Re: Another alternative (Re: format strings are the Right Thing)
Alex Shinn 30 Dec 2003 04:22 UTC
On Mon, Dec 29, 2003 at 01:55:32PM -1000, Shiro Kawai wrote:
> I got an impression that this format string discussion has similarity
> to the regexp pattern language---it defines a mini-language,
> it has long history tons of variations, it is concise in typical
> usage but can't be composed well and tend to produce an
> incomprehensible code when one try to push it too hard.
> And Olin Shivers showed a solution, SRE.
But SRE is still a mini-language.
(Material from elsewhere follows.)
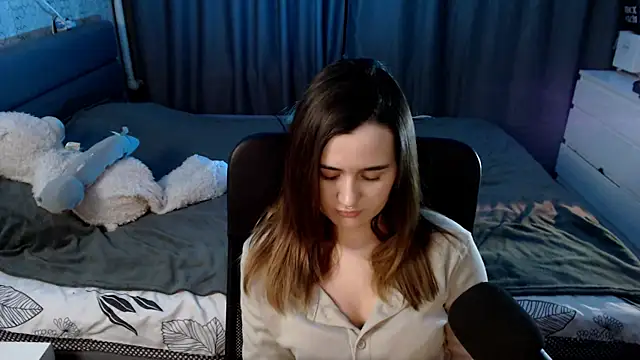 KiraYammy online show from December 12, 1:10 am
Indeed, I've been suggesting
possibilities of using arbitrary lists or more verbose format strings.
I think the primary arguments are against using any kind of
mini-language at all vs. just using normal function composition of
write and display.
My second re-implementation of format is at
http://synthcode.com/scheme/format2.scm
which does something similar to what you suggest. Actually, CL *does*
have a macro to general format closures, but there's no reason we need
to use macros. The new format has a customizable parser, with
customizable dispatch characters, and multiple inheritance of other
dispatch closures. This (as I suggested in an earlier mail) lets you
build a tower of format procedures. It also lets you cache static
formatters, so you can write
(define my-fmt (srfi-48-format 'static-formatter "s: ~S b: ~B"))
and apply my-fmt to format arguments without re-parsing.
Included examples are implementations of SRFI-28 and SRFI-48, an
implementation of SRFI-19 that is much faster than the current SRFI-19
(and more customizable), and a simple printf implementation (which you
could inherit from and replace the % with a ~).
Currently I'm trying to decide how to best pass state around when you
want, for example, a column formatter, and hopefully how to avoid that
for format strings that don't use it.